Upon release, Rolling Stone published a glowing review saying, "It's difficult to isolate any one or two songs as being special favorites". Reviewer Todd Everett praised the band for "their ability to intermix vocal and instrumental sounds — the voices often go into a feedback guitar imitation.
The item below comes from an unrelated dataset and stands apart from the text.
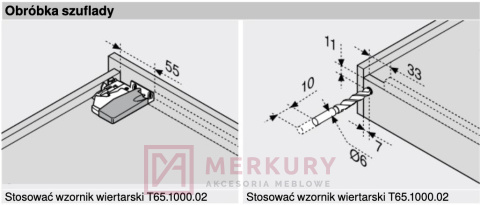 Prowadnica TANDEM BLUMOTION BLUM 560F4000B, pełny wysuw, 400mm SKLEP INTERNETOWY MERKURY AKCESORIA MEBLOWE Prowadnica TANDEM BLUMOTION BLUM 560F4000B, pełny wysuw, 400mm SKLEP INTERNETOWY MERKURY AKCESORIA MEBLOWE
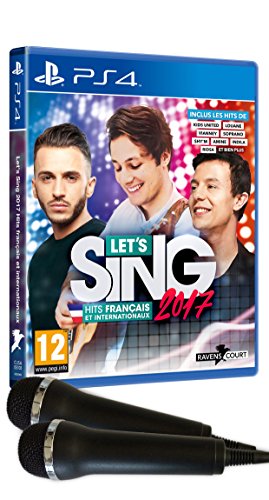 Let's Sing 2017 : Hits Français et Internationaux + 2 Micros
It's not the kind of trick every group should try". In the UK reception was also highly positive, with Ray Hollingworth of Melody Maker describing it as "energy-packed rock, basted with Bolan's poetic and imaginative vocals", while Nick Logan of New Musical Express opined it was "immensely enjoyable...electricity has had a dual effect of strengthening the rhythmic and melodic qualities of Bolan's compositions and after five albums, it must be a source of satisfaction to pull out such good songs". Disc & Music Echo also called it superb, claiming "sweeping strings and lush backings suit this duo far better than one might have expected" while Penny Valentine at Sounds noted "people may argue that T. Rex's sound is no longer mystic and pure, but I for one am thankful it's not...Marc, while still retaining a lot of typical Bolanesque, now has much more rhythmic appeal and firm attraction".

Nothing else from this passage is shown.